Research in Antarctica

Amongst all the doom and gloom there are still a few good stories out there. Last week's Time Higher Education (or the THE) had a news story on a new radar system being installed in Antarctica:

A team from Bath's department of electronic and electrical engineering is testing the theory that, while the lower atmosphere is warming, the upper atmosphere, or mesosphere, is cooling by as much as 1C a year.

Very topical and important work.

The mesosphere, which is about 50 to 62 miles above the planet's surface, is notoriously difficult to investigate, but it is crucial in exploring climate change.

"The mesosphere has been called the miners' canary for climate change: it is very sensitive, and the changes there may be larger than in any other part of the atmosphere,' says Nick Mitchell, who leads the project at Bath.

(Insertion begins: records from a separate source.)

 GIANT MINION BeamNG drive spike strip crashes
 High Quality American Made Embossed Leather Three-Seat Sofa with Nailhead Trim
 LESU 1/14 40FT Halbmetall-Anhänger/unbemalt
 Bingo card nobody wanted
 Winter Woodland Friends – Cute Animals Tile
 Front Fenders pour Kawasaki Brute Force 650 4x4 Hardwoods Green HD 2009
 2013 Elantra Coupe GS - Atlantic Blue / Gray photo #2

"Evidence of such changes comes from sightings of unusual clouds in the polar mesosphere, which may mark the onset of long-term cooling of the upper atmosphere."

Good stuff.

Those clouds also coincide with radar returns from many different types of ionospheric radars from HF to UHF. These polar mesospheric summer echoes (PMSE) seem to be related to both turbulence in the mesosphere and the formation of ice crystals. Experiments with the EISCAT facility in Norway have shed some light on their make-up with great sucess.

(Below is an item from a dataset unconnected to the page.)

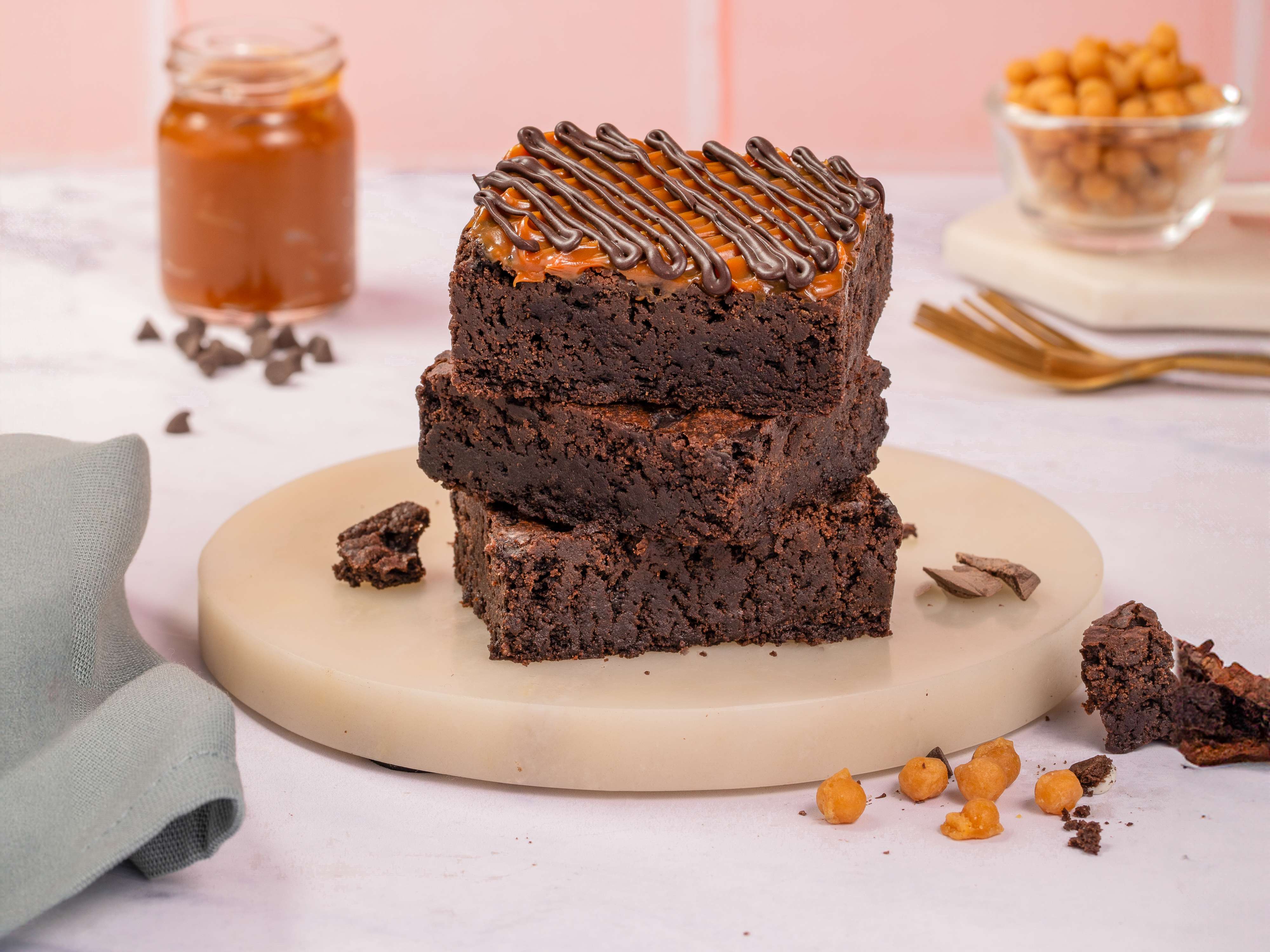 Millionaire brownie - 1pc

Similar looking radar returns also occur in the winter mesosphere, though in a different height regime. It is not clear what causes them since the winter mesopshere is much warmer than the summer and ice crystals should not form. Some interesting theories about turbulence and infrasound have been put forward but it is still all up in the air (excuse the pun).

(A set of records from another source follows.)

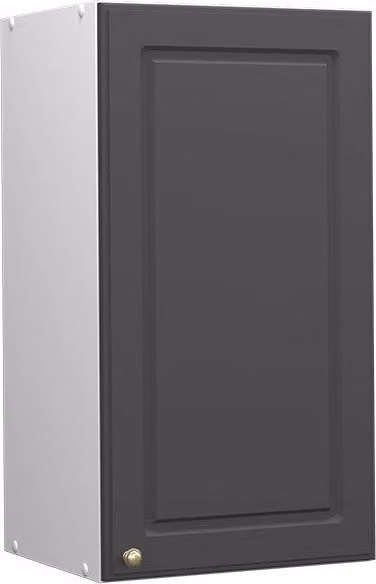 Pensile da cucina Vicco Fame-Line moderno in MDF, colore antracite, oro e bianco, L: 40 cm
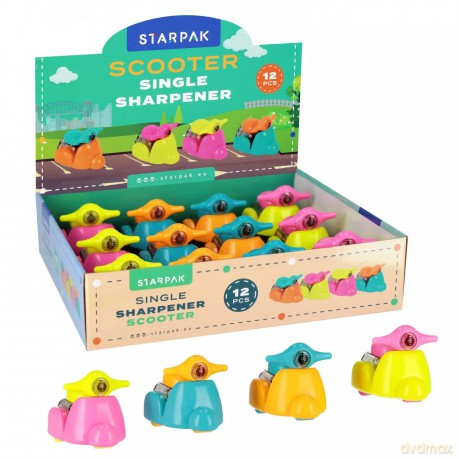 Temperówka plastikowa Pojedyncza Skuter Display A 12 Starpak 540809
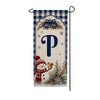 America Forever Winter Snowman Monogram Banner Flag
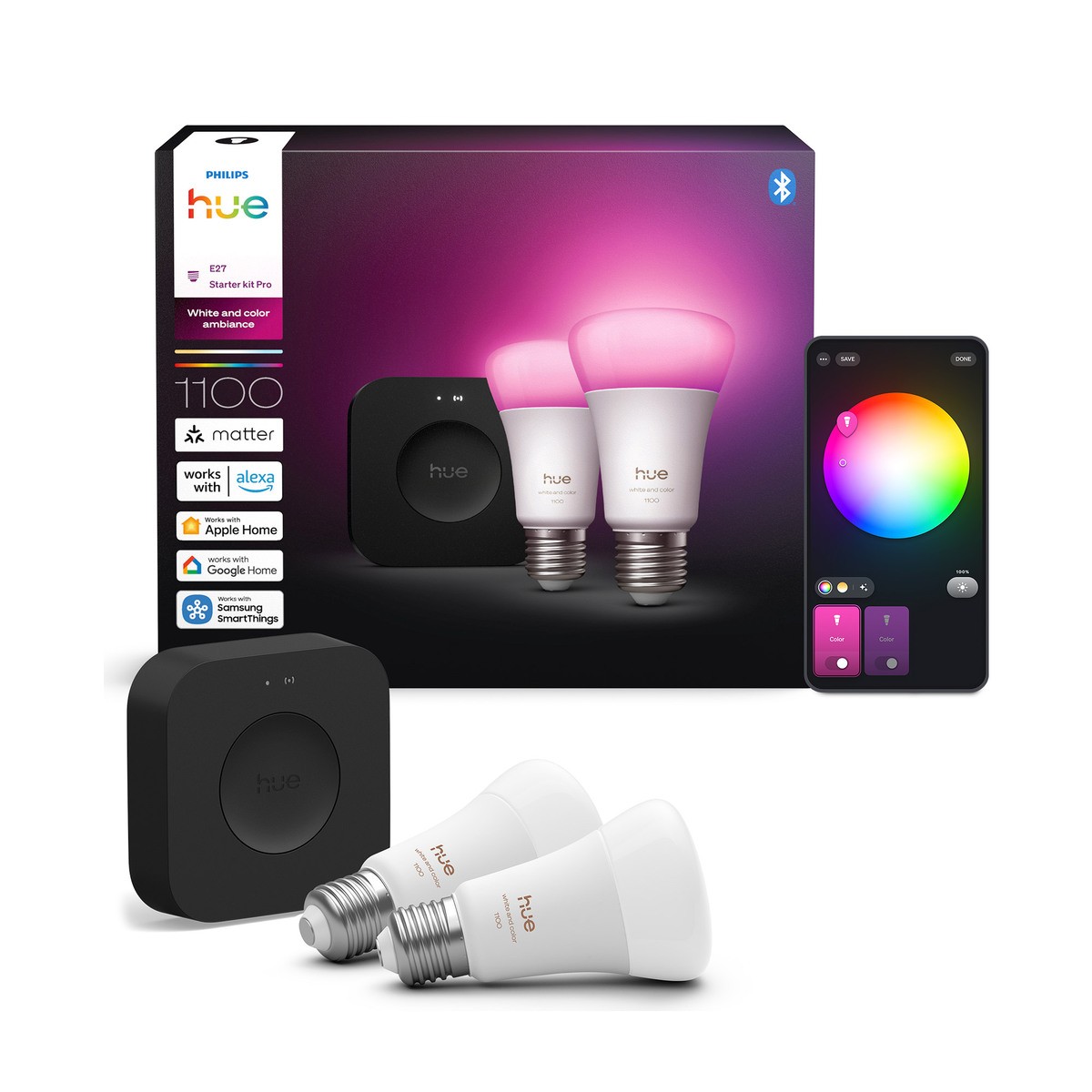 Philips Hue White and colour ambience 8721103107619 smart lighting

I am fortunate enough to have run the first experiment using an ionospheric heater in conjunction with radar measurements at EISCAT on PMWE. This opened the door a little wider to the possibility of dust particles being the cause, but it is far from certain. If there are dust particles there where do they come from? It all still needs working out.

This is an area where ground-based instruments have proved vital in advancing our understanding. We have lost some of the infrastructure that would have been important for the UK to keep playing our role in these studies but thanks to the University of Bath and BAS, the UK will still have a role to play.